Egyptian troops clashed Monday with a small group of protesters camping out in Cairo's Tahrir Square to press demands for faster change and justice for demonstrators killed in the uprising that toppled Hosni Mubarak.
The clashes broke out after troops dismantled the protesters' tents on the square's median, witnesses said. There were no immediate reports of casualties or arrests. Troops backed by armored vehicles and hundreds of riot police used clubs to clear the square after protesters ignored pleas over loudspeakers to leave. Military police fired shots in the air and protesters hurled rocks.
The operation brought an end to nearly a month of renewed daily protests in the central square that was the birthplace of the 18-day uprising that overthrew Mubarak in February.
Several hundred demonstrators had rebuilt the round-the-clock protest camp there on July 8 to renew the pressure on Egypt's transitional military rulers to swiftly bring Mubarak and other members of his regime to trial.

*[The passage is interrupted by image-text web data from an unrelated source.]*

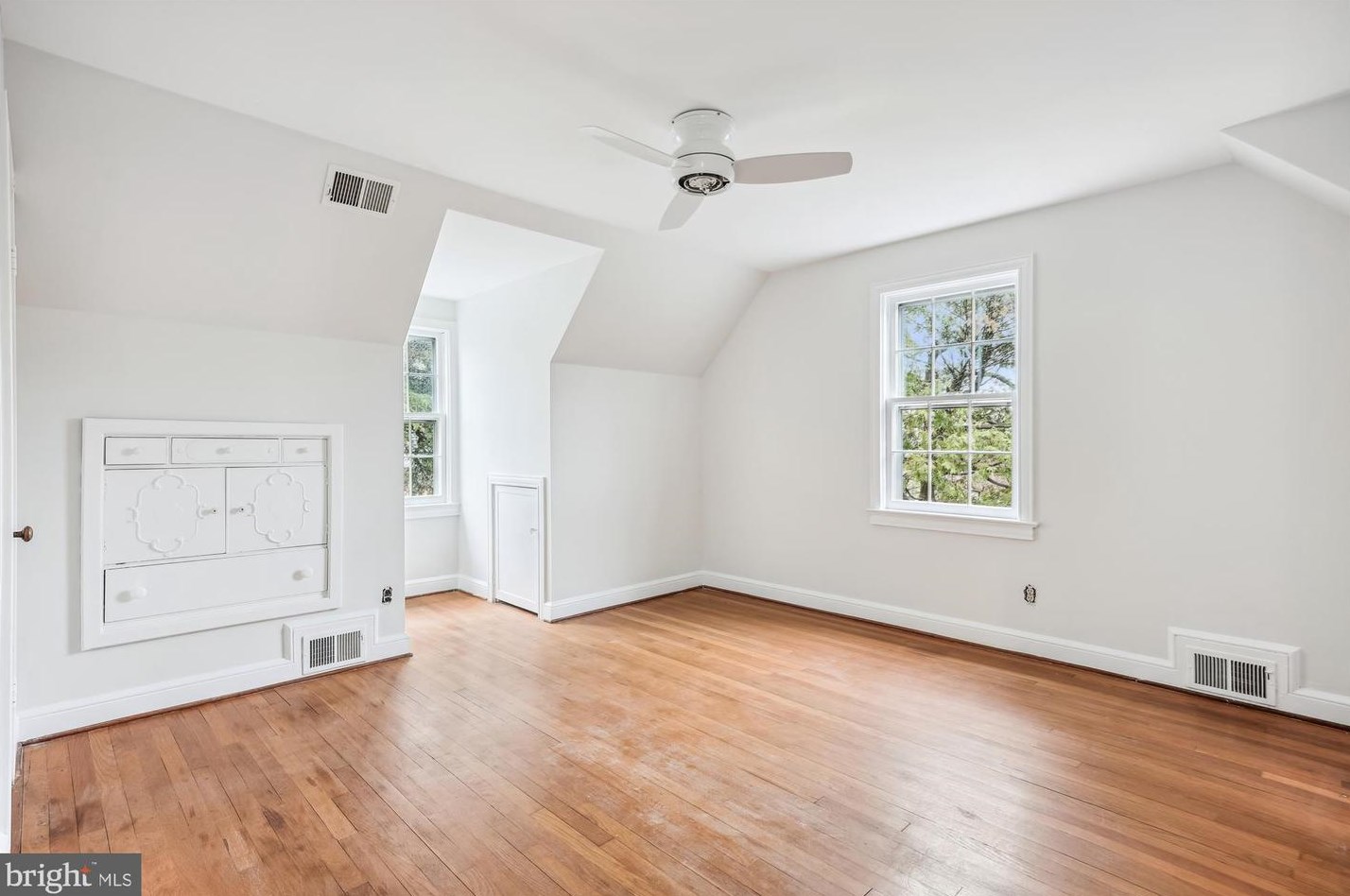 109 Williamsburg Dr, Silver Spring MD 20901-2727 exterior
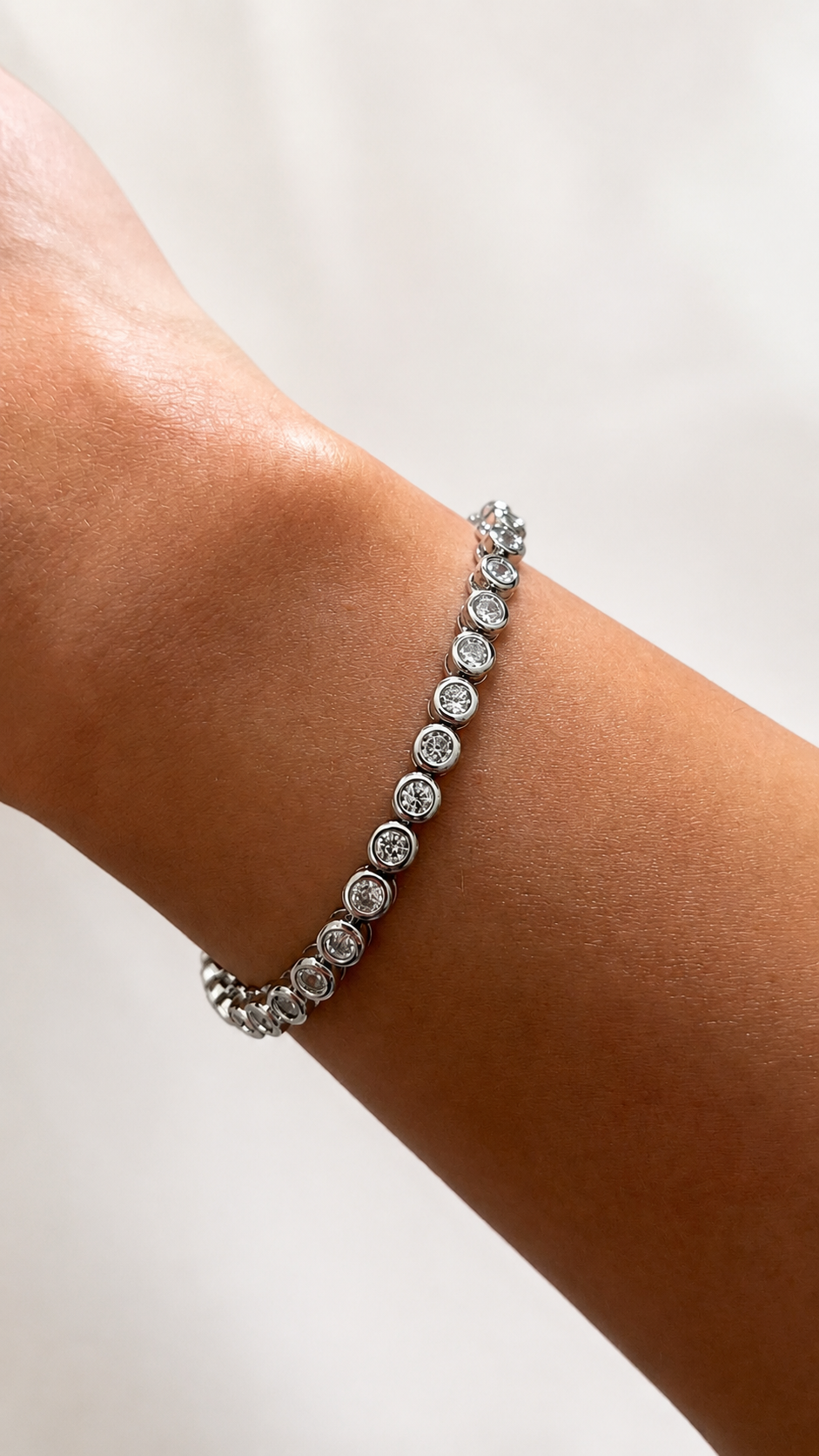 ROUND tennis bracelet in silver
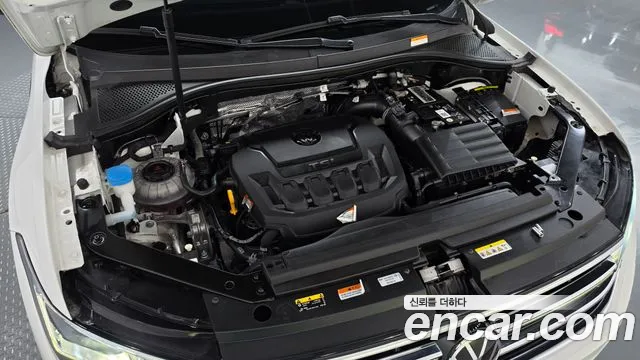 Volkswagen Tiguan — Фото автомобиля 9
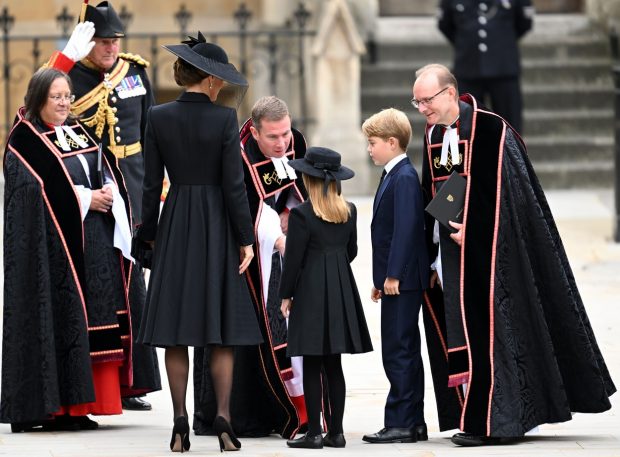 Prințul George și Prințesa Charlotte participă la slujba de înmormântare a reginei Elisabeta a II-a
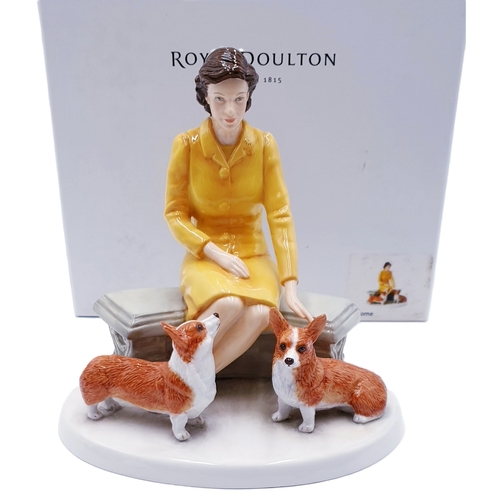 765 - ROYAL DOULTON Large 16cm x 16cm CHARACTER FIGURINE OF HM QUEEN ELIZABETH II 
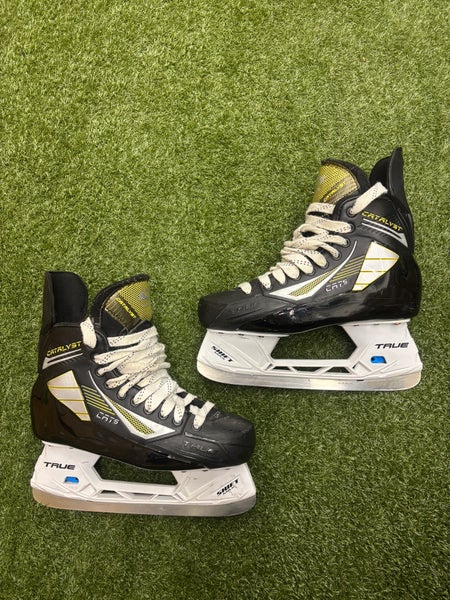 Senior True Catalyst 5 Hockey Skates Regular Width 8 (Used)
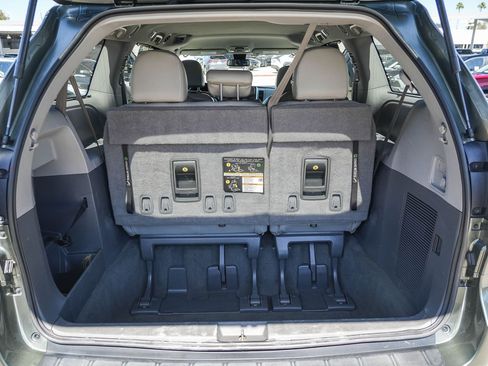 Certified 2020 Toyota Sienna LE w/ Carpet Mat Package FWD image 26
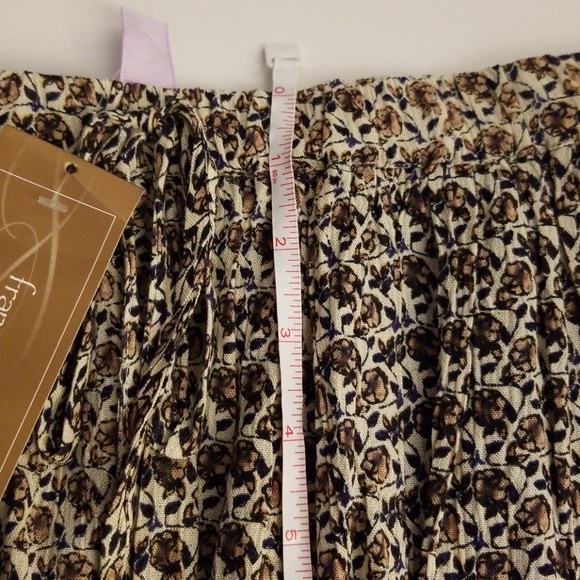 Francesca's Navy Paisley Swing Skirt - Picture 4 of 7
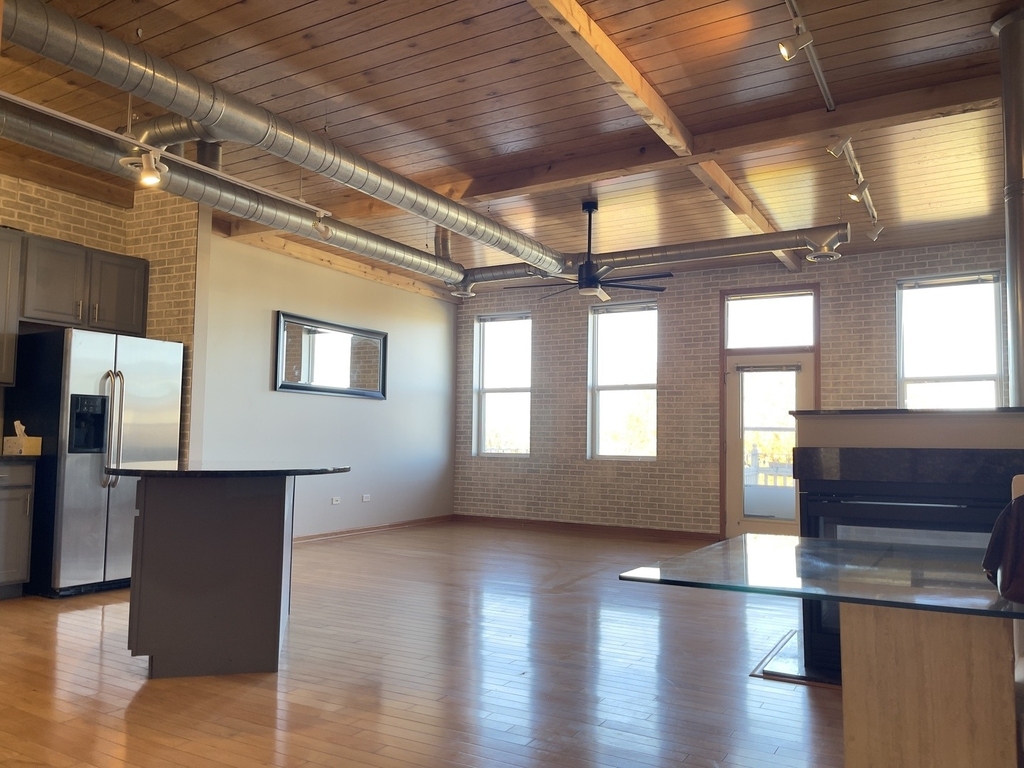 1675 Town Center Street - Photo 13
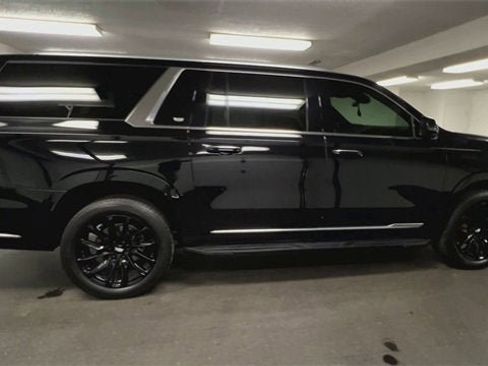 Certified 2021 Cadillac Escalade ESV Premium Luxury image 9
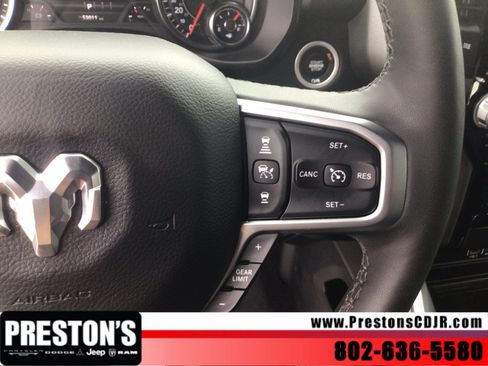 Used 2025 RAM 1500 Big Horn AWD/4WD image 14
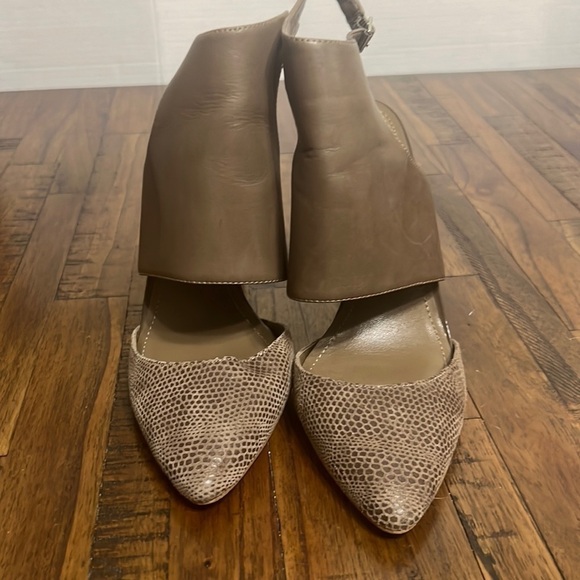 BCBG heels pointy closed toe snake embossed Leather Chase brown color size  8 - Picture 2 of 12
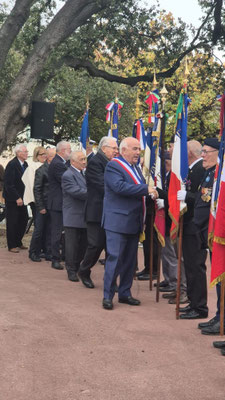 Félicitations aux porte-drapeaux par les autorités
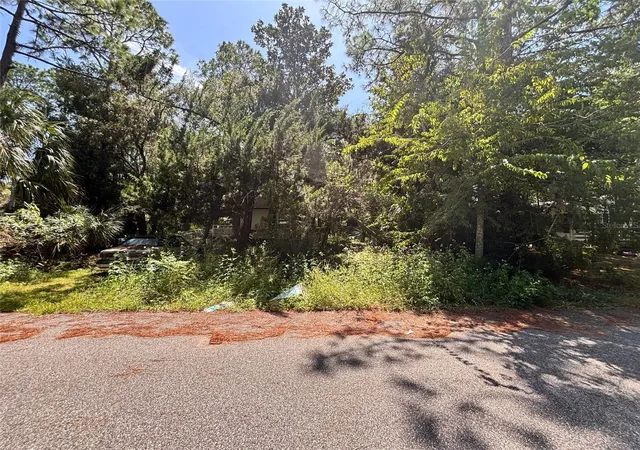 Photo 3 of Manufactured home for sale at 614 Vaughn Rd, Port Orange, FL 32127 | MLS# GC543683 | Listing updated on 2026-10-05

After the army's clearing operation, vehicle traffic instantly returned to the busy interchange in the heart of downtown for the first time in weeks.
Egypt's activists, many of whom are suspicious of the ruling military council's pledges to bring genuine reforms, are demanding Mubarak loyalists be weeded out from key state institutions like the judiciary, police and civil service.
Mubarak's trial on charges he ordered the killing of protesters in the crackdown earlier this year is scheduled to start in Cairo on Wednesday. Seeing him and other members of his regime brought to public trial is a key demand of the protesters.
Monday's clashes came after a small group of protesters decided to continue the sit-in at Tahrir Square even though most groups decided to end it to mark the start this week of the holy month of Ramadan, when devout Muslims refrain from food, drink, smoking and sex from dawn to dusk.
After the confrontations, the square's median was covered with the personal belongings of the protesters and the tents' torn canvass.
Many of those who had remained at the square were relatives of some of the 850 protesters killed during the uprising.
The relatives and other protesters wanted to continue with the sit-in until Mubarak appears in the first hearing of his trial on Wednesday. Others wanted to stay at the square until all other demands are met.
Mubarak, his security chief and six top police officers could face the death sentence if convicted of ordering the use of lethal force against the protesters.